Goldendoodles are very popular dogs today. They have been bred to fulfill many different roles in our society. Some of them are used for hunting, some of them are used for guarding, some of them are used as therapy animals or service dogs. There is no doubt that they deserve their place in the world and it’s time to recognize all these qualities and give a proper recognition to this breed!
In order to do so, there needs to be a standardized way of measuring the size of these wonderful pets.
For example, if you were looking for a pet sitter, would you want your pet sitting company to measure your dog’s height and weight? Or maybe you wanted your veterinarian to weigh him before giving him any treatment?
Of course not!
So why should we measure the size of our pets? Why shouldn’t we just use common sense when choosing a new puppy or kitten home?
The answer is simple: because it’s wrong! And I’m here to tell you right now, YOU’RE WRONG! You’re going to learn how wrong you are…and why.
How To Measure Your Pet Dog’s Size With Common Sense
You’ve probably heard the term “standard” before. It refers to a set of rules and guidelines that are followed in a particular field of endeavor. For example, your state has standards for the education of children. The format of each school is generally standardized so that all students have similar experiences.
The same logic can be applied to your dog’s size and measurements. Imagine how easy it would be to take your pet for a simple walk around the block if we had a set standard for these things. You could simply take your tape measure (or yardstick if you prefer) and make sure that your pet fit inside specific parameters.

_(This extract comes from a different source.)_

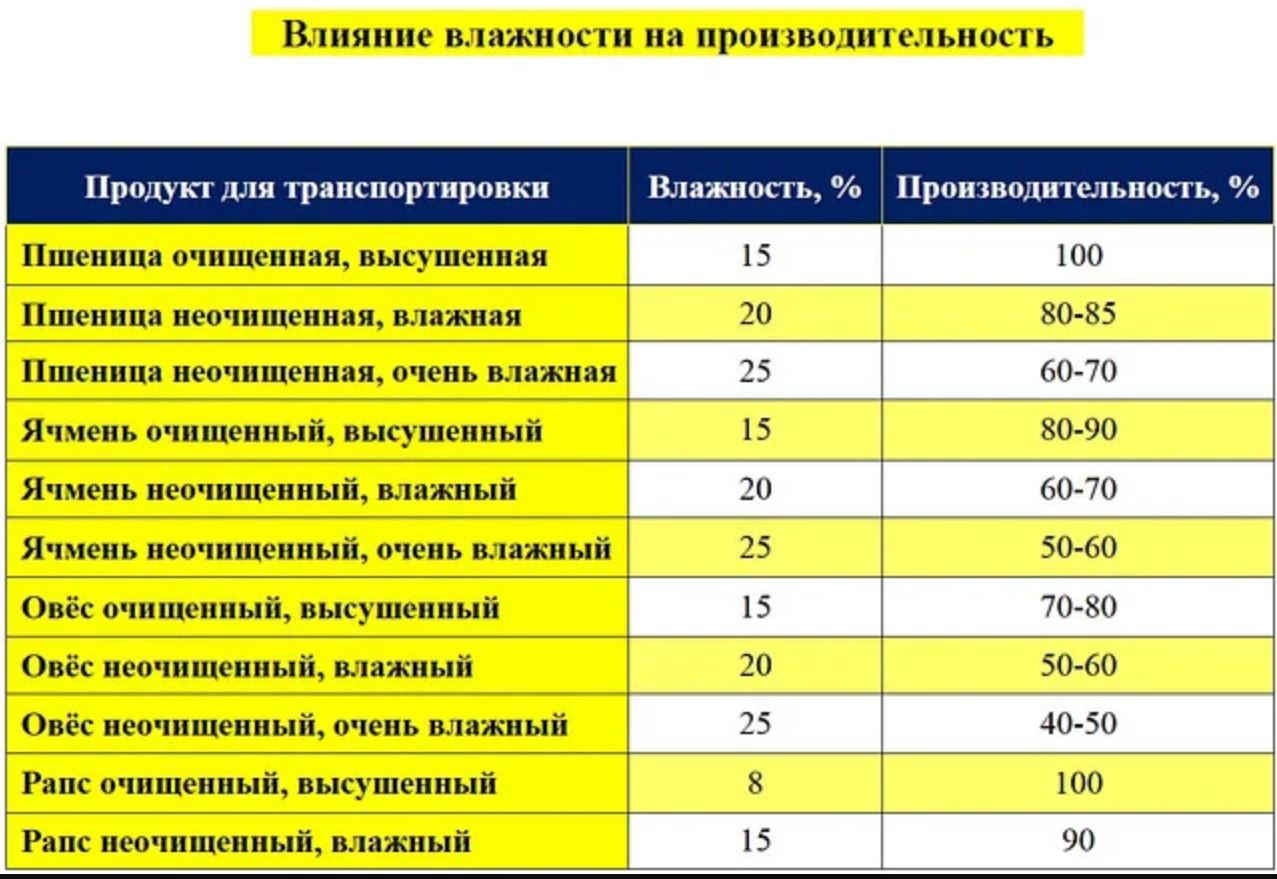 Вплив вологості на продуктивність зерна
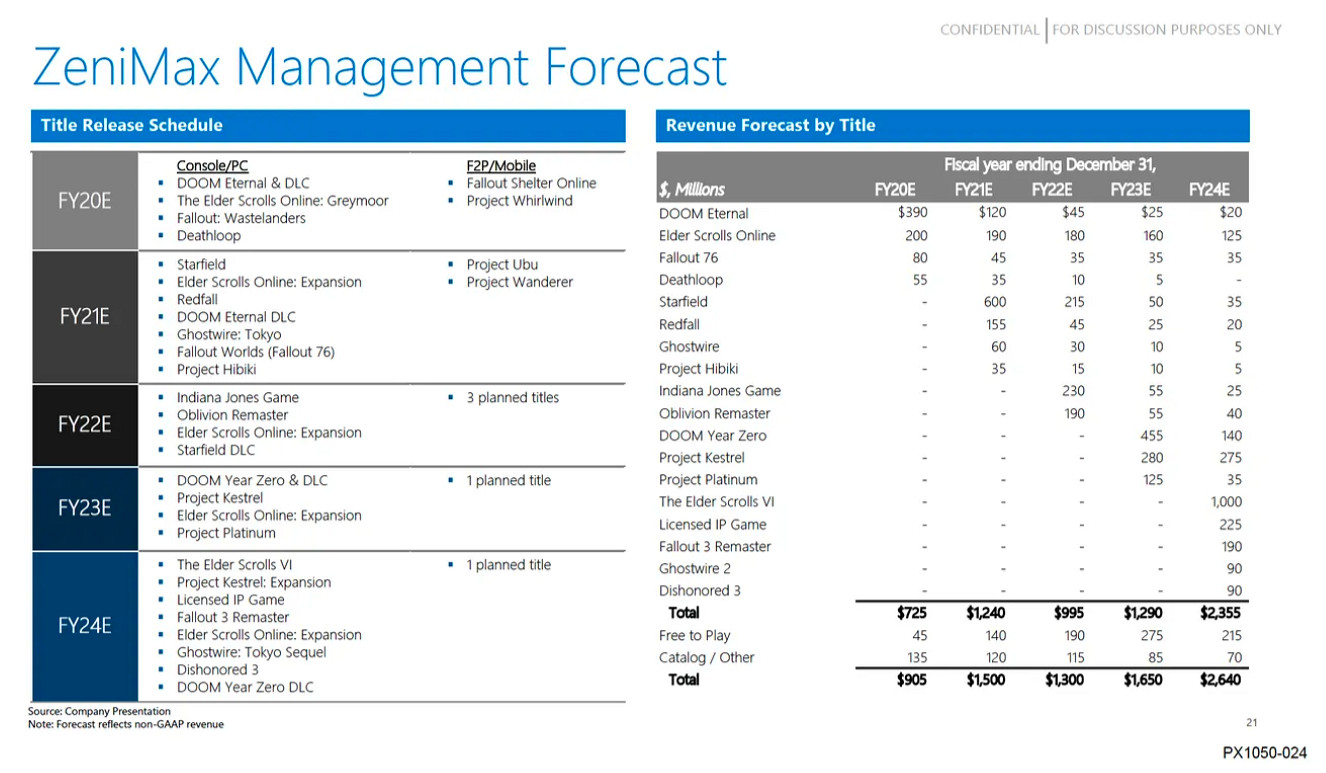 B社大量未公布遊戲曝光！含上古卷軸4重製 輻射3重製 恥辱3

The infographic below describes the correct way to measure your pet dog. It’s really quite simple and you’ll be able to do it in just a matter of minutes!
A Word About Goldendoodles
Goldendoodles are the best of both worlds. They have the appearance of a poodle with the temperament of a golden retriever. If you’re looking for the perfect family pet that has minimal grooming needs and loves children, you need to consider this dog breed.
Why choose a goldendoodle over a poodle or golden retriever? Well, let’s take a look at the facts, shall we?
Poodles are really great dogs. They’re often used as seeing-eye dogs and other types of work that requires intelligence and responsibility. Unfortunately, most people don’t like the idea of having to cut their dog’s hair every few weeks. By getting a goldendoodle, you get the best of both worlds: a dog that’s similar to a poodle in terms of intelligence and responsibility with the easy-care coat of a golden retriever.
The Golden Retriever
Unlike poodles, golden retrievers are friendly to just about everyone. Children and adults alike can enjoy their company provided they treat them well. They’re also extremely intelligent and have a reputation for being extremely loving towards their owners. While they may require a bit more grooming than poodles, they still don’t need to be cut every month like a poodle would.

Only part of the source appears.